◆ Problem description:
All the lines below need retyping exactly, apart from the images.

◆ Data:

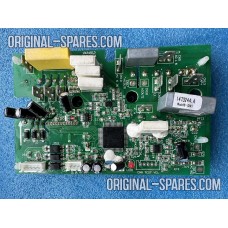 control board  1473244.A PS21997-AST 1313462,D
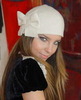 b4ygw_belinda_9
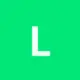 lin1005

◆ Response to the exercise:
 control board  1473244.A PS21997-AST 1313462,D
 b4ygw_belinda_9
 lin1005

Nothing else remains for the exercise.